6.4 Chaining Iterators

An important iterator feature is the ability to chain them together so they can act as a series of filters. For example, you can use iterators to restrict results to words that match a particular regular expression or to return only the first 10 results.

I call these types of iterators meta-iterators. SPL comes with two meta-iterators: FilterIterator, to filter results, and LimitIterator, to limit results.

6.4.1 Filtering Results with FilterIterator

FilterIterator is an abstract class that implements all the methods of a regular Iterator. However, it has a twist?you must define an accept( ) method that controls whether an item should be returned or filtered out from the results.

Unlike DirectoryIterator, which is directly instantiable, you cannot create a new FilterIterator. Instead, you must extend it and implement accept( ).

Here's an example that filters by a Perl-compatible regular expression:

class RegexFilter extends FilterIterator {



    protected $regex;



    public function _ _construct(Iterator $it, $regex) {

        parent::_ _construct($it);   

        $this->regex = $regex;

    }



    public function accept( ) {

        return preg_match($this->regex, $this->current( ));

    }



}

RegexFilter takes two arguments in its constructor: an Iterator to filter and a regular expression pattern to use as a filter. The first parameter is passed on to the parent FilterIterator constructor, because it handles the iteration for your class.

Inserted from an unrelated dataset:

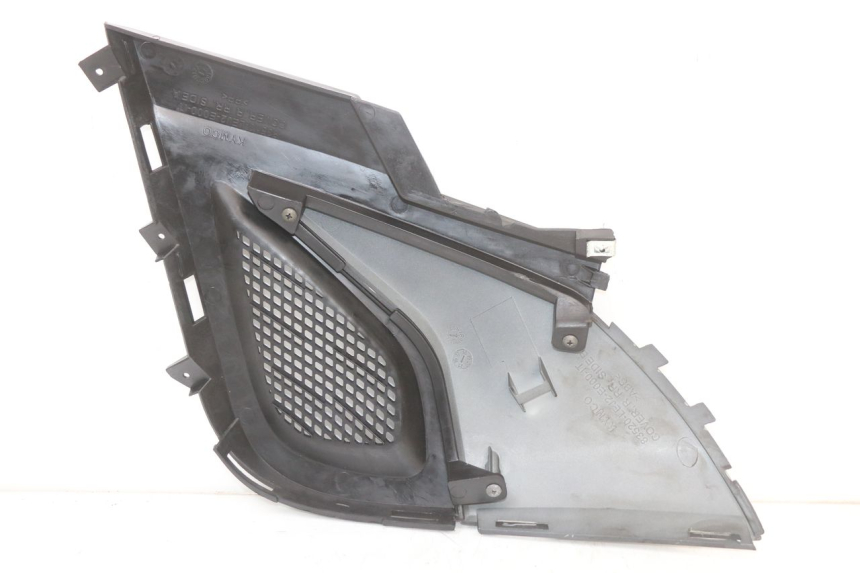 photo de TAPA BAJO ASIENTO DERECHO KYMCO SUPER 8 4T 50 (2021 - 2024)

The regular expression (regex for short) is stored in a protected property, $regex, for use inside the accept( ) method. This method must return true for items you wish to return and false for the ones that should be removed.

Handily, preg_match( ) returns the number of times the pattern matches the string. This number is always 0 or 1. (For multiple matches, use preg_match_all( ).) Since 1 evaluates as true and 0 as false, you can directly pass along preg_match( )'s return value.

Because $regex is a Perl-compatible regular expression, you must place pattern delimiters around your regex. The regular expression is checked against the value of $this->current( ). Alternatively, you could check it against $this->key( ), depending on how you want the iterator to work.

This example allows you to use RegexFilter inline with a foreach loop and DirectoryIterator:

$dir = new DirectoryIterator('/www/www.example.com/') {

$filtered_dir = new RegexFilter($dir, '/html$/i');



foreach ($filtered_dir as $file);

    print "$file\n";

}

email.html

index.html

search.html

You pass RegexFilter two arguments, an iterator and the regular expression pattern. This example returns files ending with html and eliminates the others. The regular expression uses the /i modifier to do a case-insensitive check.

When you only want to iterate over the objects once, you can create both RegexFilter and DirectoryIterator inside the foreach:

foreach (new RegexFilter(

          new DirectoryIterator('/www/www.example.com/'), '/html$/i') 

          as $file) {

    print "$file\n";

}

email.html

index.html

search.html

6.4.2 Limiting Results with LimitIterator

Another useful meta-iterator is LimitIterator. This Iterator, which behaves just like the SQL LIMIT clause, allows you to filter nondatabase listings with the same logic you use with a database.

This example returns only the third and fourth files in the directory:

foreach(new LimitIterator(

          new DirectoryIterator('/www/www.example.com/'), 2, 2) 

          as $file) {

    print "$file\n";

}

email.html

images

Unlike FilterIterator, LimitIterator doesn't require you to implement a method; therefore, it's directly instantiable. You don't need to extend it.

Its constructor takes three arguments: the iterator, the start position, and the number of items to return. Items start at position 0, so the third is at position 2. That's why this example passes 2, 2 as the second and third parameters.

Of course, you can chain three Iterators in combination. For example, to find only the first file ending in html in the /www/www.example.com/ directory:

foreach(new LimitIterator(new RegexFilter(

          new DirectoryIterator('/www/www.example.com/'), '/html$/i'), 0, 1)

          as $file) {

    print "$file\n";

}

email.html

It's important to order the Iterators correctly, or you won't get the results you expect. Don't switch RegexFilter and LimitIterator:

foreach(new RegexFilter(new LimitIterator(

          new DirectoryIterator('/www.www.example.com/'), 0, 1), '/html$/i') 

          as $file) {

    print "$file\n";

}

This prints nothing! LimitIterator returns only one record?the file named ".". Then, FilterIterator comes along, sees that the record doesn't end in html, and eliminates it. This leaves you with no results.